Support Questions
Find answers, ask questions, and share your expertise

[Apache NiFi Bug] ExecuteSQL can't perform batch loading with an input file



TC to reproduce:

1) Create GenerateFlowFile with the next Custom Text:

select 1 from dual
union all
select 2 from dual
union all
select 3 from dual

2) Create ExecuteSQL. Set "Output Batch Size" = 1.
3) Start




3 flowfiles in the "success" connection.

Root Cause:

if (outputBatchSize > 0 && resultSetFlowFiles.size() >= outputBatchSize) {
    session.transfer(resultSetFlowFiles, REL_SUCCESS);

Commit method has the next requirement:
Commits the current session ensuring all operations against FlowFiles within this session are atomically persisted.
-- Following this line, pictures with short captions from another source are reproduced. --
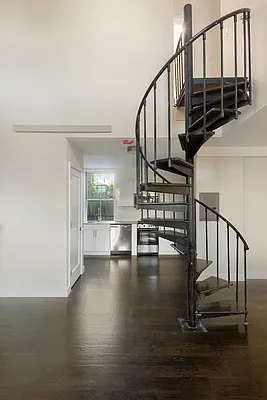 Rented by MNS | media 50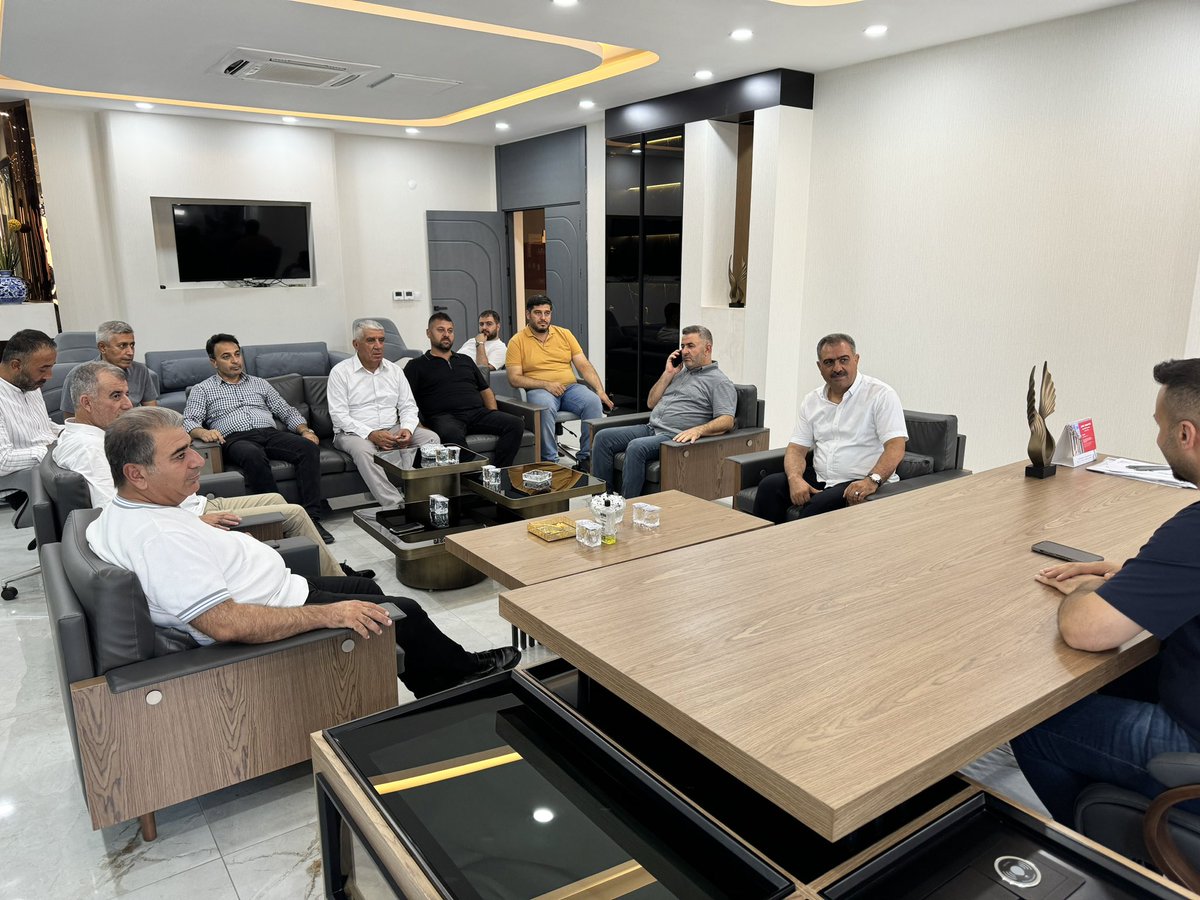 AkPartiBismil's tweet photo. 📍BİSMİL

İl başkan yardımcımız Sn. Mizbah ŞEKER, ilçe başkanımız Sn. Muzaffer Cengiz ÖZAYDIN, ilçe koordinatörümüz Sn. Şehmus SAGUN, Gençlik Kolları başkanımız Sn. Eyüp SUBAŞI ve yönetim kurulu üyelerimizle;
Bismil Tekstilkent fabrikalarından Bulut Tekstil’i ziyaret ettiler.
Genç girişimci Sn.Engin BULUT’la Bismil’in tekstille ilgili istekleri ve projeler konuşuldu.

Misafirperverliklerinden dolayı Sn. Engin BULUT’a teşekkür ederiz.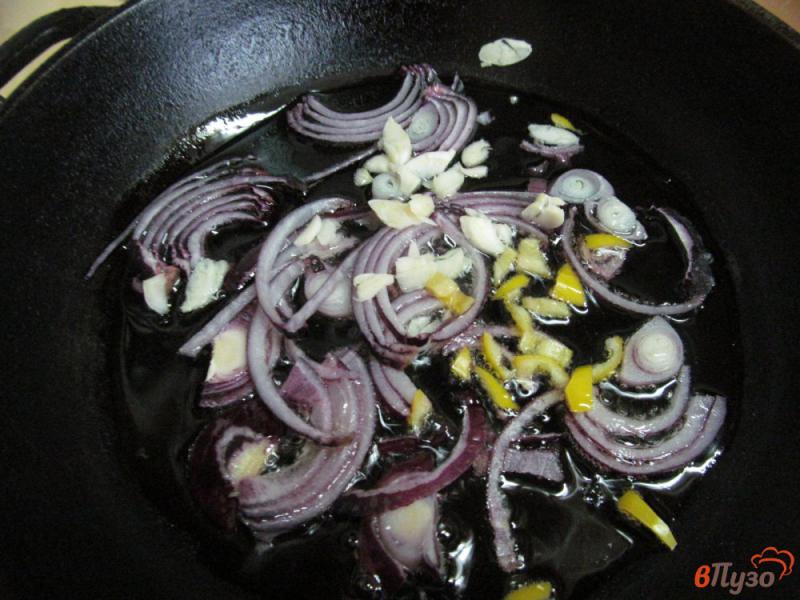Фото приготовление рецепта: Паста с овощами и копченым сыром шаг №1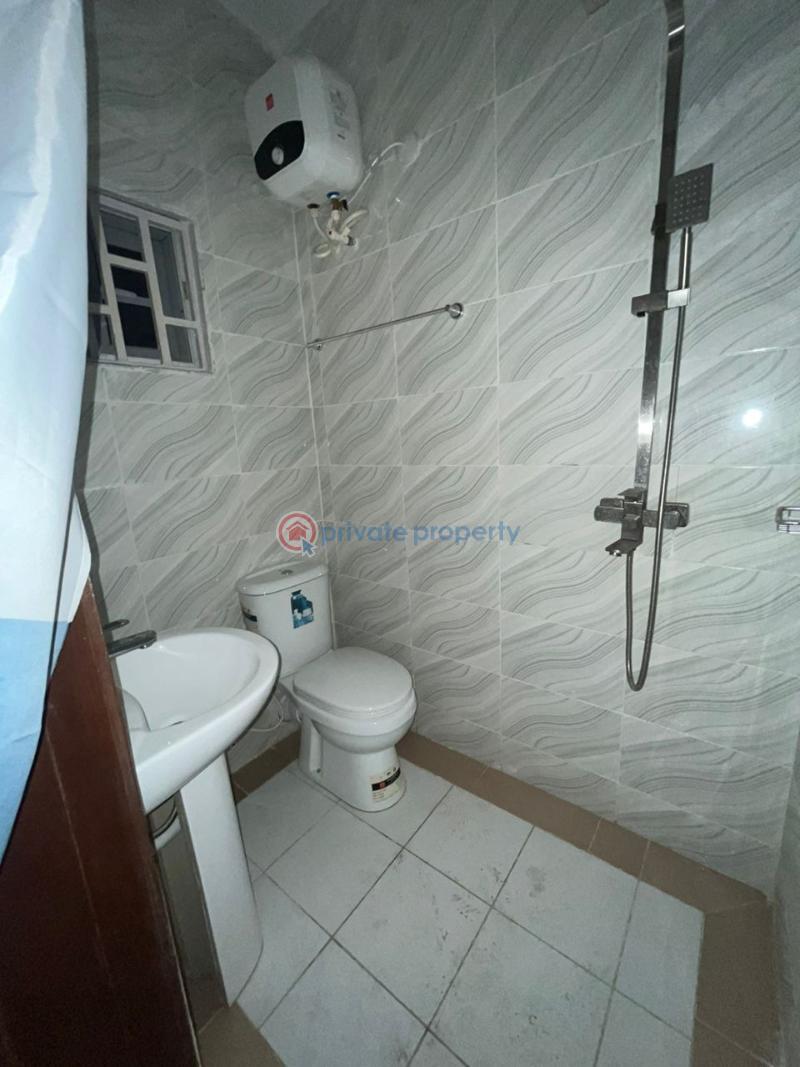 Sharp 2bedroom flat - 5 House For Rent Thomas Estate Ajah Lagos - 5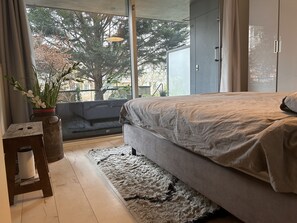3 bedrooms, desk, iron/ironing board, WiFi - Family, pet friendly, 15 mins from central. Spacious, modern apartment. AMS! (Amsterdam)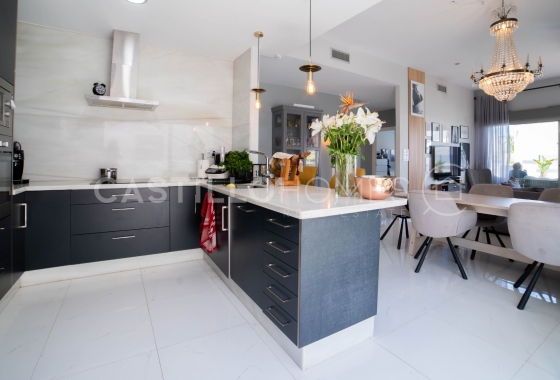 Wiederverkauf - Villa - Orihuela Costa - Villamartín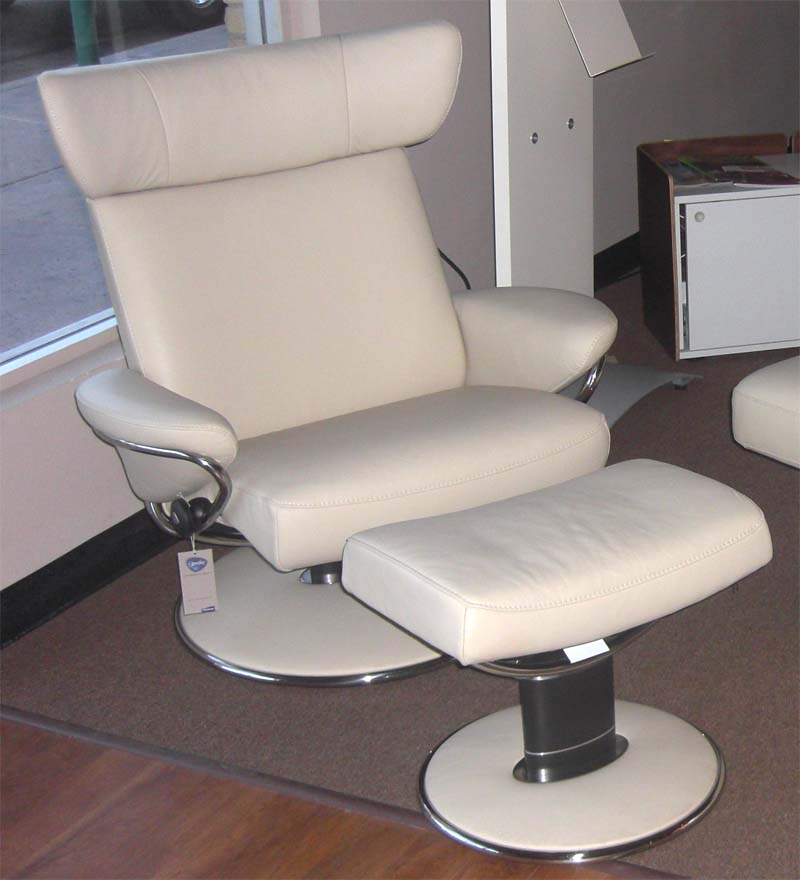 Stressless Paloma Kitt 09432 Leather Color Recliner Chair and Ottoman from Ekornes
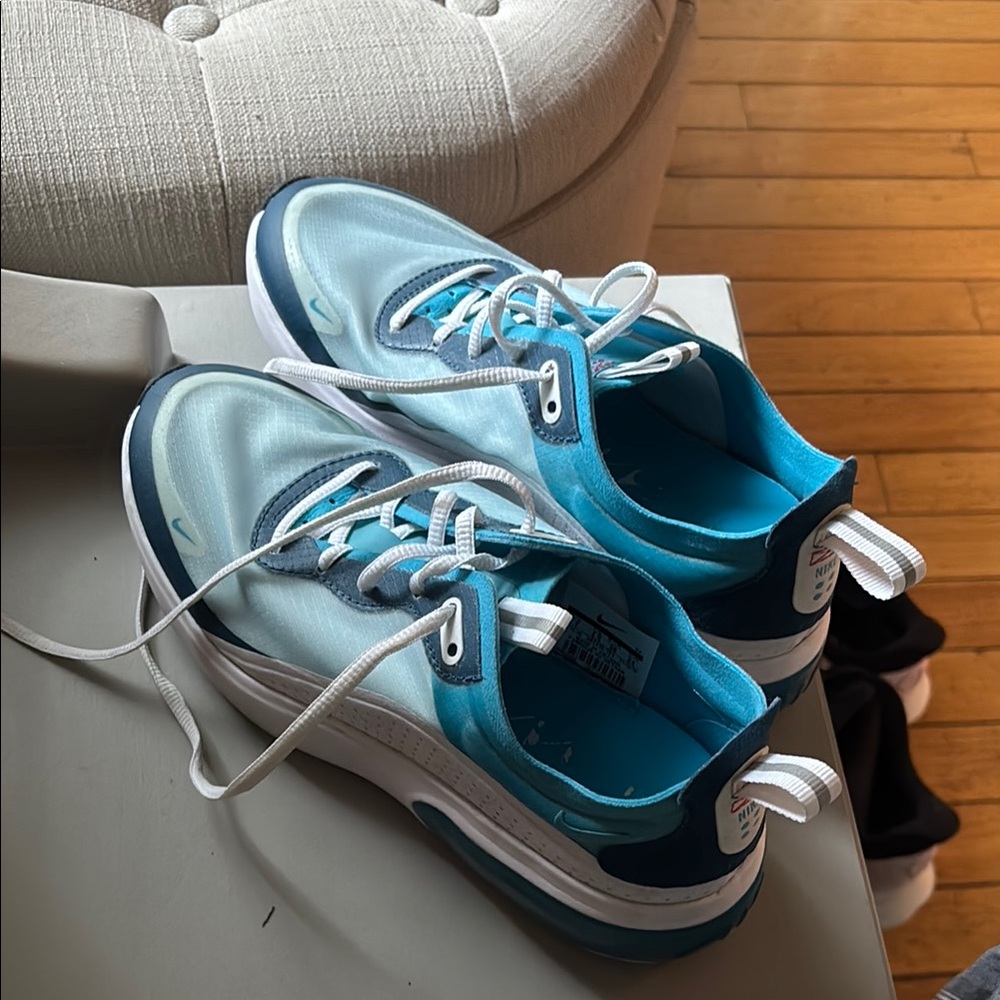 Blue Nike AirMax Sneakers (7)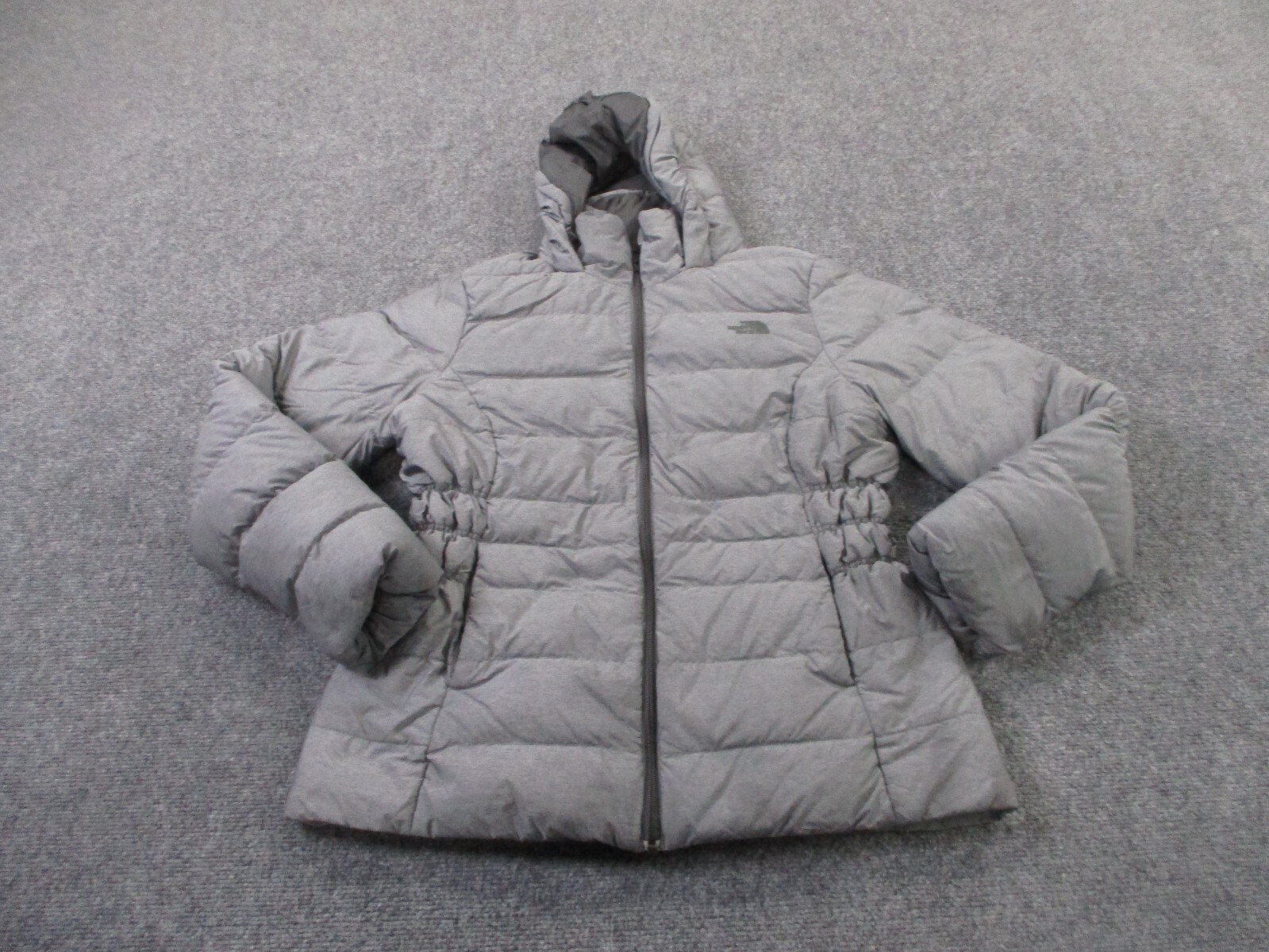 North Face Womens Gray 550 Down Puffer Jacket for Hiking Outdoor Warmth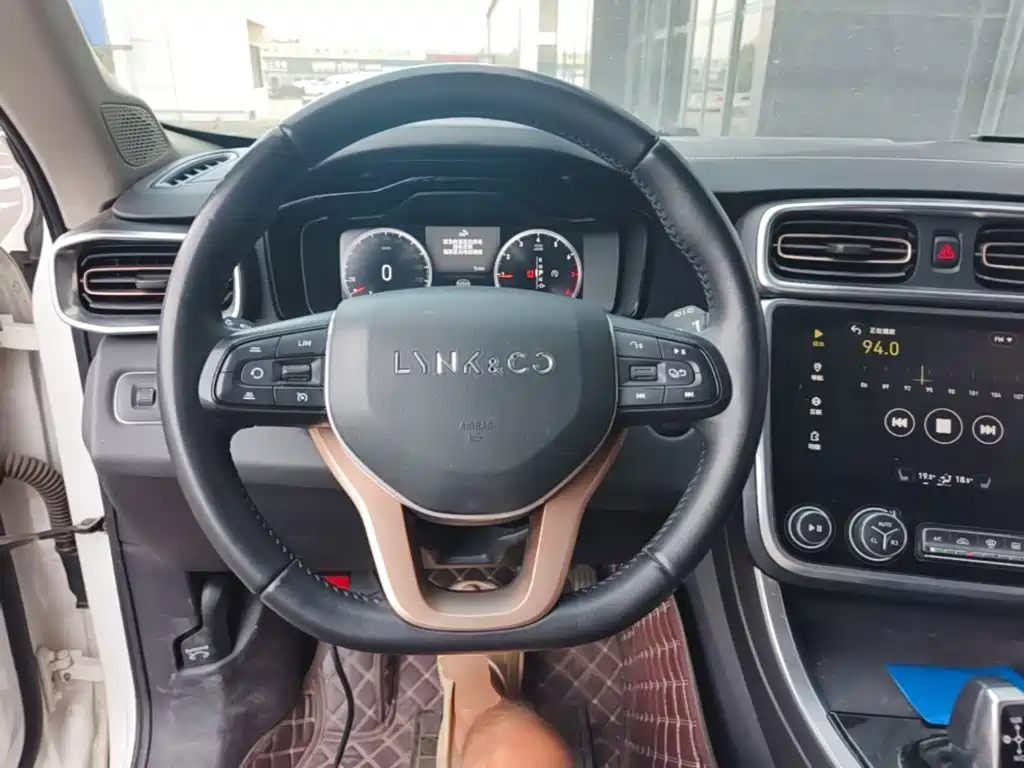 Lynk & Co 01 — миниатюра 11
All FlowFiles operated on within this session must be accounted for by transfer or removal or the commit will fail.

At the time of any commit, an input FlowFile (fileToProcess) still exists and has not been accounted for by transfer or removal.

How can it be worked around? We have the same issue with the custom processor.


Super Guru

I'm not aware of any workaround, but I did submit a fix for the Apache Jira you wrote (NIFI-6040), it should be in an upcoming HDF release. For your custom processor, you could make the same changes I did in my Pull Request, to remove the incoming flow file before the first commit.